Pour Kaczor, qui travaille pour une entreprise qui fait de la recherche et enseigne les langues étrangères, la hausse des prix signifie plus d’heures pour gagner sa vie, moins de vacances et plus de voyages au cinéma. Il dit : « Parfois, vous devez décider ce qui est vraiment important. « Avant tout, vous devez payer des factures.

Les entreprises sont également concernées. Marcin Nowacki, directeur général adjoint de la ZPP, a déclaré que si toutes les entreprises ne sont pas encore touchées, la hausse des prix et les “risques importants pour l’année prochaine” seront difficiles, et nous le ressentirons tous, Polonais et entreprises. “

Les manifestants polonais ont tenté de s’emparer du titre, reprochant au PiS d’avoir aggravé le problème en dépensant de l’argent de manière imprudente. Ce mois-ci, il a montré « PiS = prix élevés » au siège du parti au pouvoir à Varsovie. Les législateurs de l’opposition ont sorti une affiche avec le même message lors d’une session parlementaire.

Les responsables du PiS affirment – comme en Europe – que l’inflation est due à des facteurs externes tels que les prix de l’électricité et les effets de l’épidémie.
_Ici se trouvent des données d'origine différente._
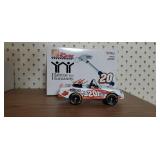 Tony Stewart #20 pedal car stock car bank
Le gouvernement a annoncé un paquet de 10 milliards de zlotys (2,5 milliards de dollars) pour une réduction temporaire des taxes sur l’électricité et le carburant, et envisage de réduire la TVA sur les aliments. Il a également appelé à un changement dans les systèmes d’émission de l’UE : les prix de l’air ont doublé cette année.

Cependant, les experts disent que les facteurs externes sont également un facteur. Les prix élevés de l’électricité ont été ajoutés par Vieillissement polonais, un système houiller fort, ce qui rend le pays plus touché par le coût élevé des émissions de carbone. En outre, la politique budgétaire et fiscale est restée stable, bien que l’économie ait progressé d’environ 5 % ces dernières années et que la baisse de la main-d’œuvre ait entraîné une augmentation des salaires. La baisse des prix en Pologne a été parmi les plus élevées de l’UE au début de l’année.

“Nous. Polityka Insight à Varsovie.

« Il y a beaucoup de maux sociaux, et il y a aussi des différences de compétences : non pas qu’il n’y ait pas assez de travailleurs, mais nous n’avons pas les compétences nécessaires pour combler les lacunes du marché.

Les taux d’inflation élevés étaient “quelque chose qui doit être abordé mais pas terrifié”, a déclaré Tadeusz Koscinski, ministre des Finances de la Pologne. “La chose la plus importante pour nous en tant que gouvernement est de contrôler nos émotions et de s’assurer que les gens ne pensent pas que c’est impossible.”

Cependant, pour endiguer la marée de l’épidémie, les économistes sont sceptiques quant au retour de l’inflation à 2,5%, ce qui est surveillé par la banque centrale polonaise dans un proche avenir. “Le taux d’inflation est supérieur à 4% et la puissance, vous devez donc vous attendre à ce que l’inflation reste supérieure à 7% l’année prochaine”, a déclaré Cichy. “Il est peu probable qu’il revienne à la banque centrale en 2023.”